BEGIN Extracted information
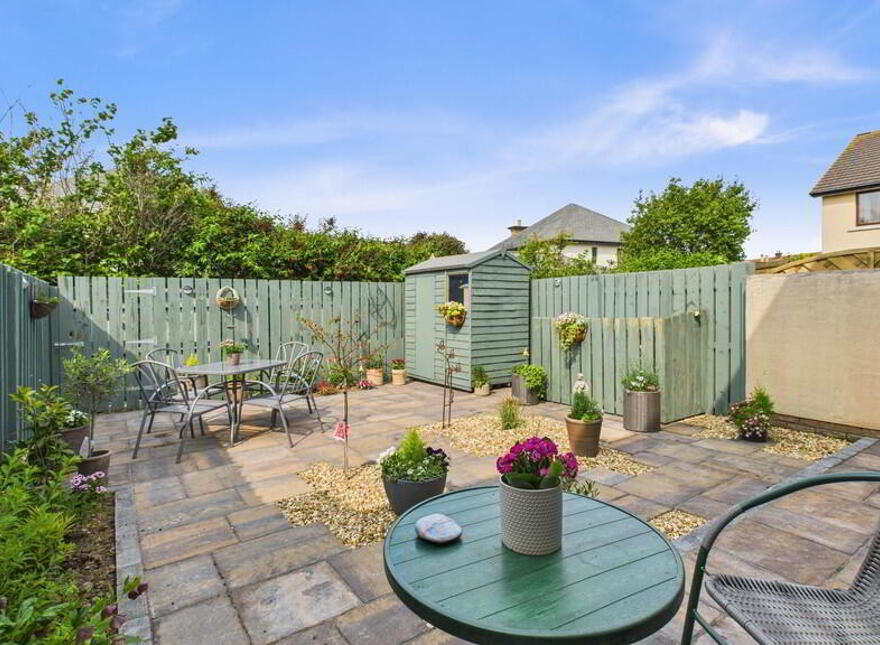 9 Cove Hollow, Groomsport, Bangor, BT19 6HT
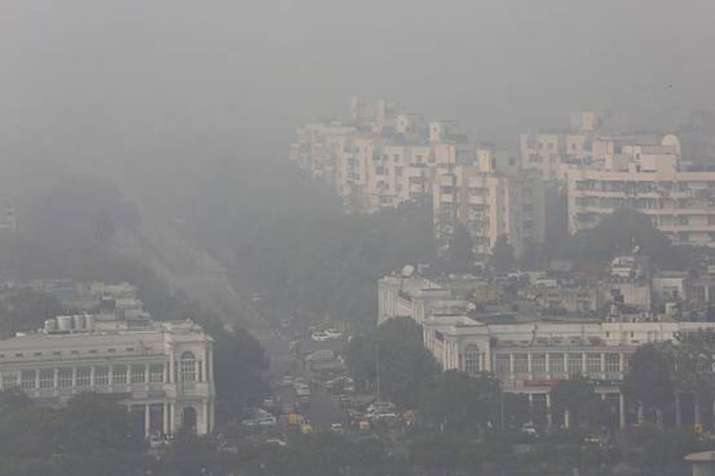 Delhi air quality 'very poor', expected to deteriorate on Sunday Delhi air quality 'very poor', expected to deteriorate on Sunday- India TV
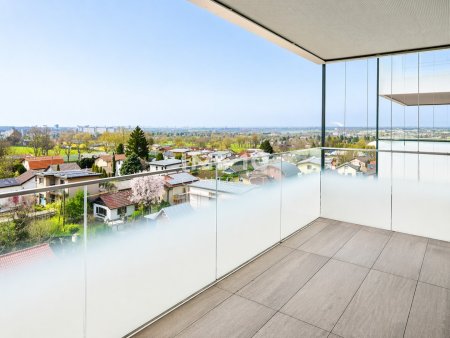 Provisionsfrei: Erstbezug - Balkonwohnung in luxuriöser Anlage mit Gemeinschaftsdachgarten und Palmenhaus
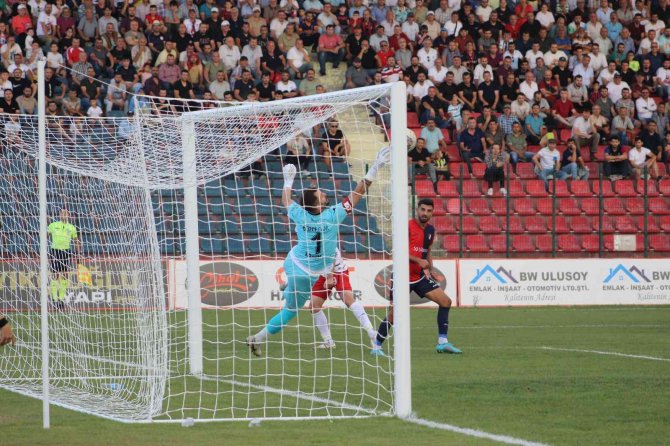 Tff 2. Lig: Düzcespor: 0 - 24 Erzincanspor: 2
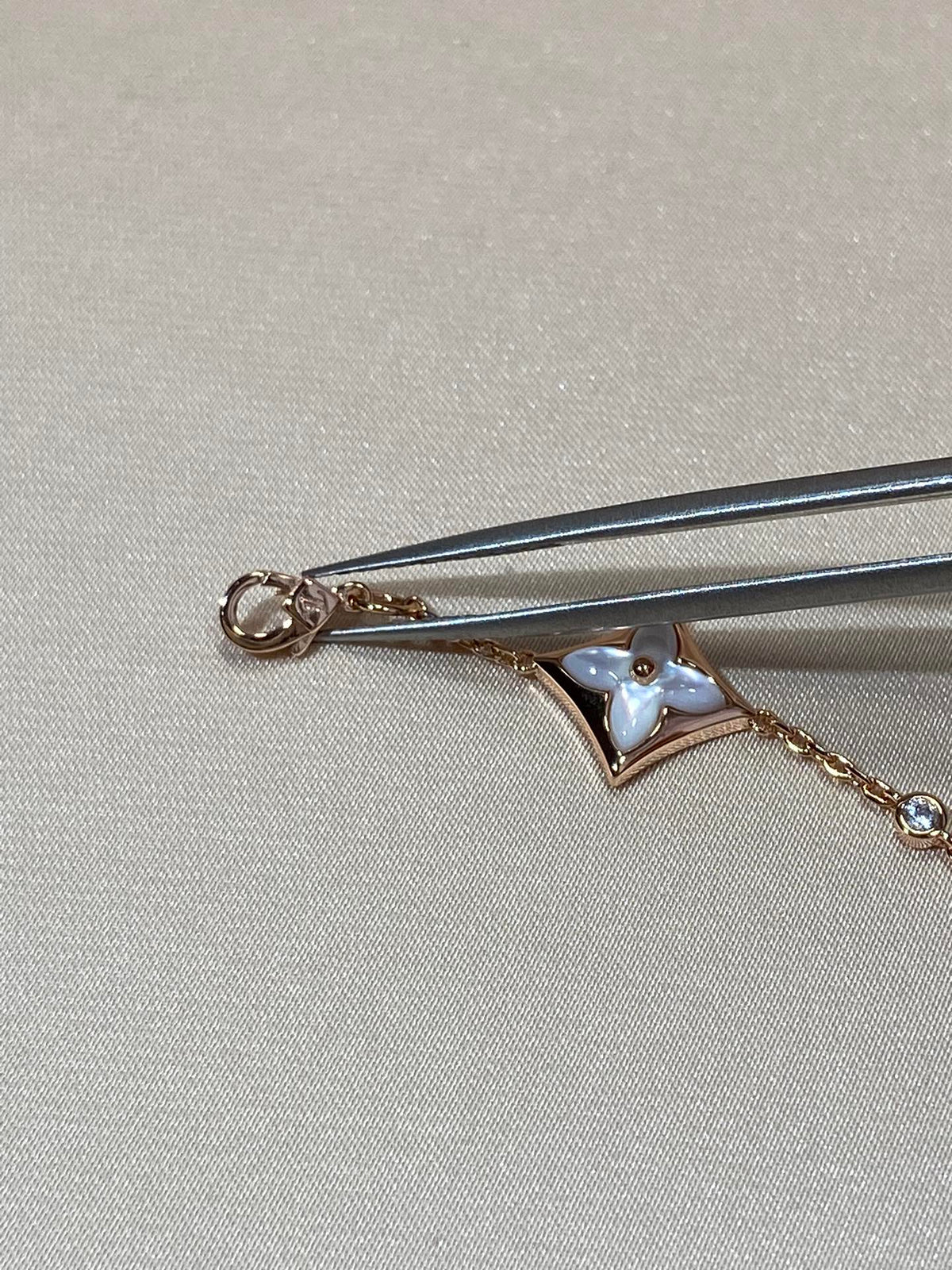 [Loran]STAR 4 MOTIF MOP DIAMOND ROSE GOLD BRACELET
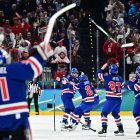 Las jugadoras estadounidenses celebran tras ganar la medalla de oro en el partido de hockey sobre hielo femenino entre Estados Unidos y Canadá en el Milano Santagiulia Ice Hockey Arena durante los Juegos Olímpicos de Invierno de Milán Cortina 2026, celebrados en Milán el 19 de febrero de 2026.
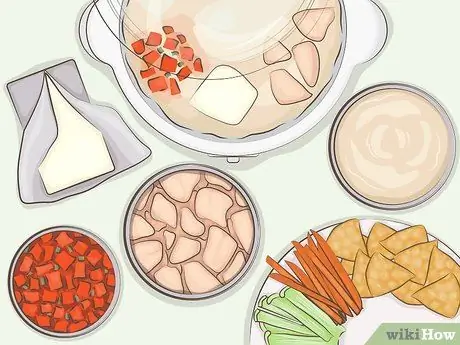 Приготовить консервированную курицу Шаг 1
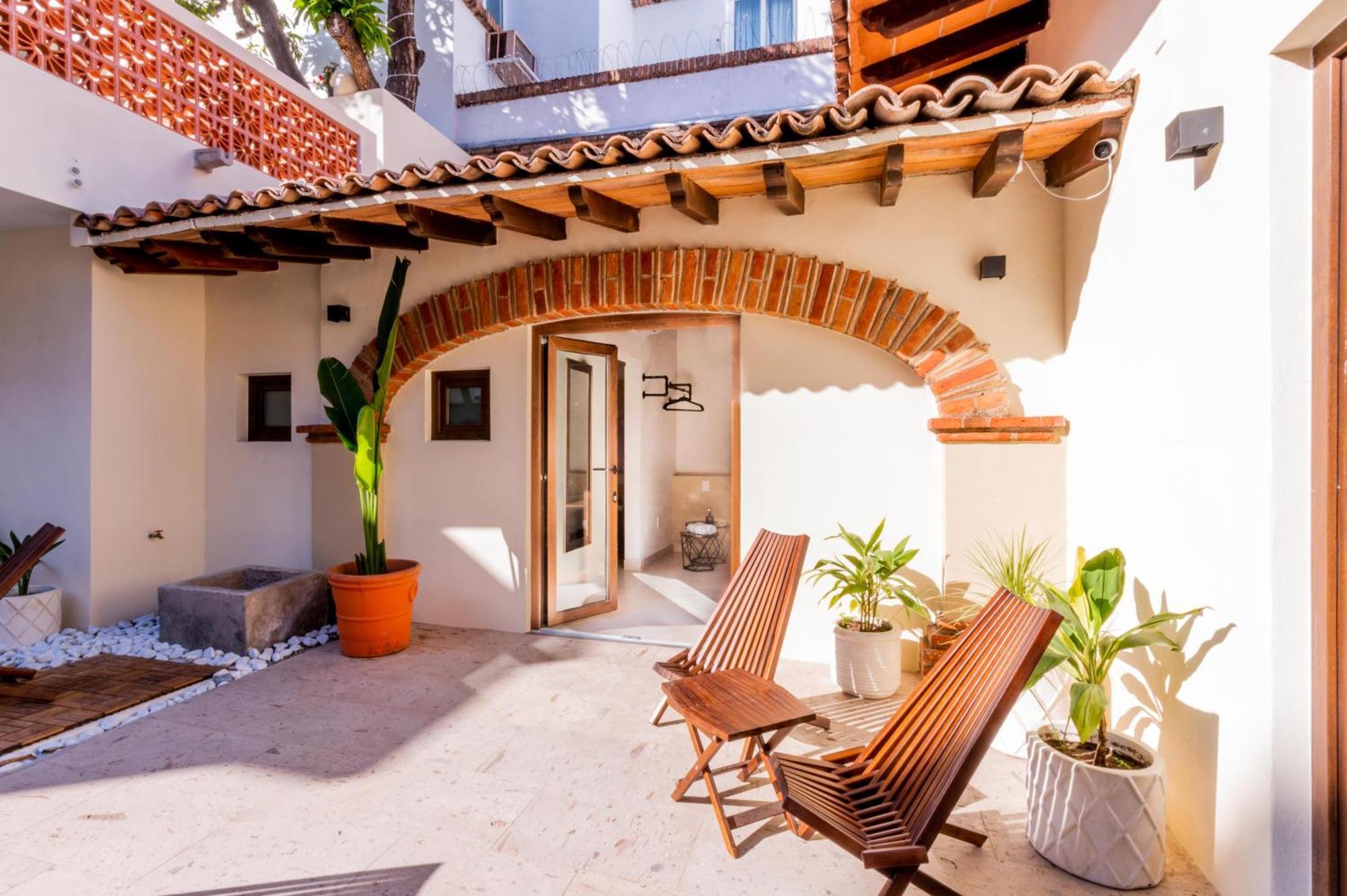 Casa Victoria Malecon - Adults Only Hotell Puerto Vallarta Exteriör bild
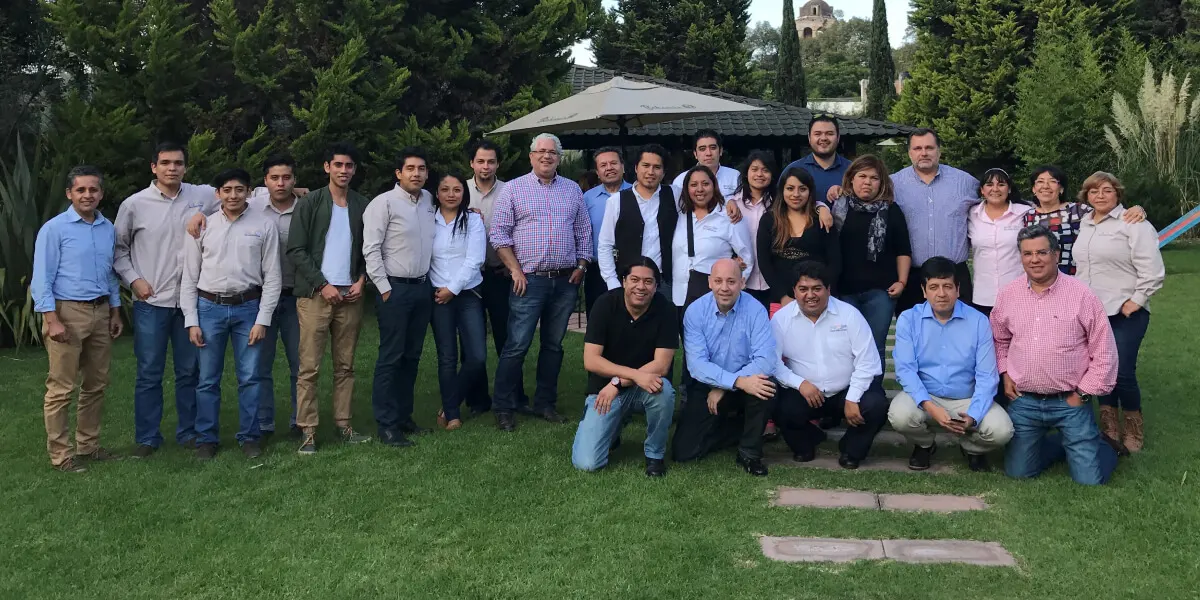 Foto del equipo de ACF Technologies en Tlaxcala, Mexico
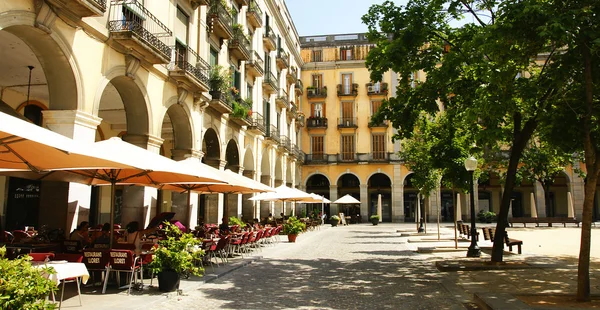 Plein van de onafhankelijkheid in girona — Stockfoto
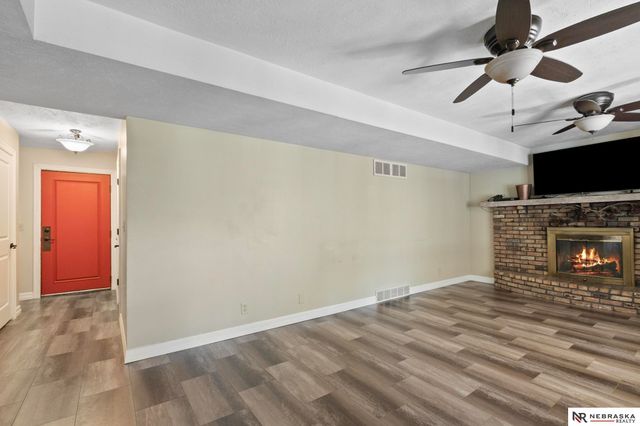 5018 S 53rd Street, Omaha, NE 68117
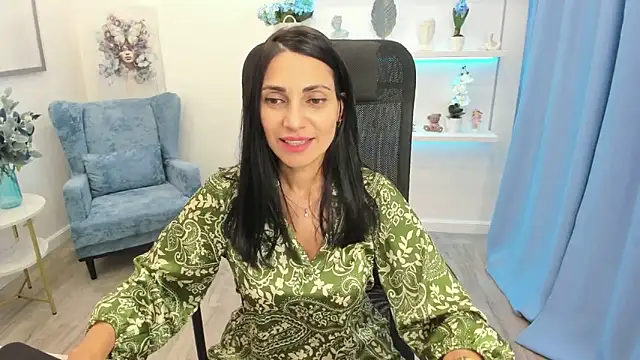 AllaYerty online show from September 2025 11:43:01 AM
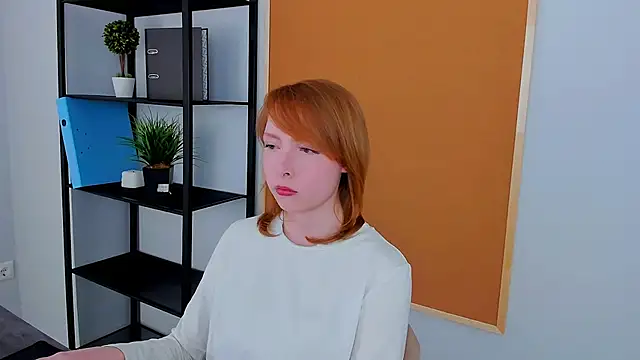 Snapshot of CherryCrushLove chatting on 04.04.26 CherryCrushLove online show from 04.04.26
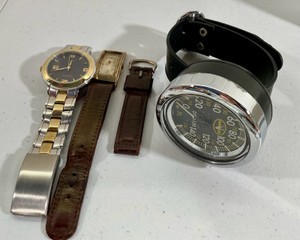 Vintage Dacor scuba depth gauge wrist meter & lot of 2 mens wristwatches with extra strap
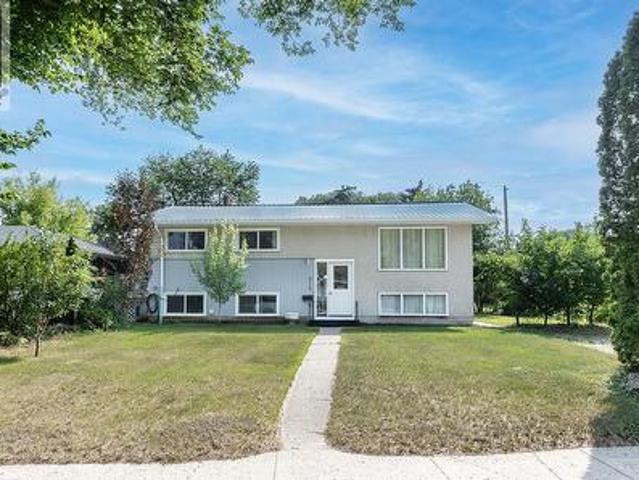 2113 Louise Avenue, Saskatoon, SK, S7J 3K2 house for sale | Listing ID SK046243 | Royal LePage
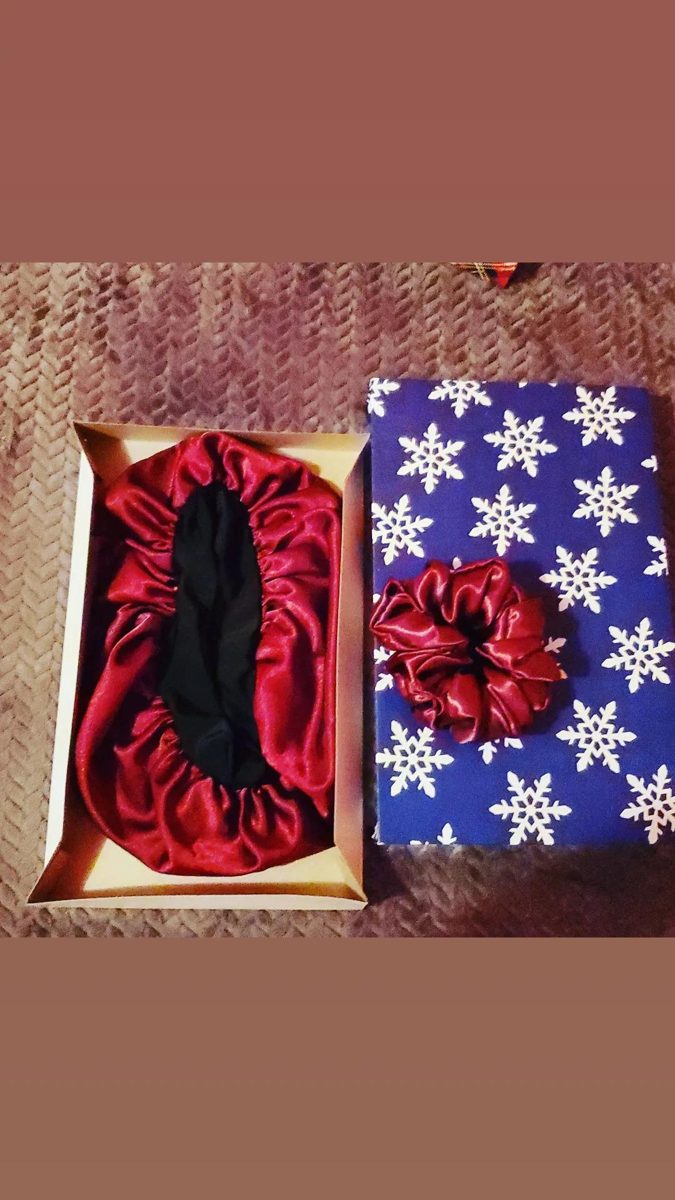 Satin bonnets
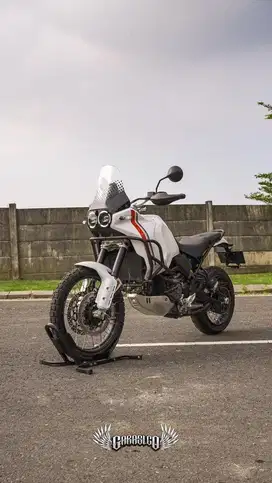 Moge Adventure Touring Ducati Desert X 2023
END Extracted information
For this task, give again exactly the lines from the line with "2113 Louise Avenue, Saskatoon, SK, S7J" through the end of the entries, including both ends, and omit the pictures.

Exercise answer:
 2113 Louise Avenue, Saskatoon, SK, S7J 3K2 house for sale | Listing ID SK046243 | Royal LePage
 Satin bonnets
 Moge Adventure Touring Ducati Desert X 2023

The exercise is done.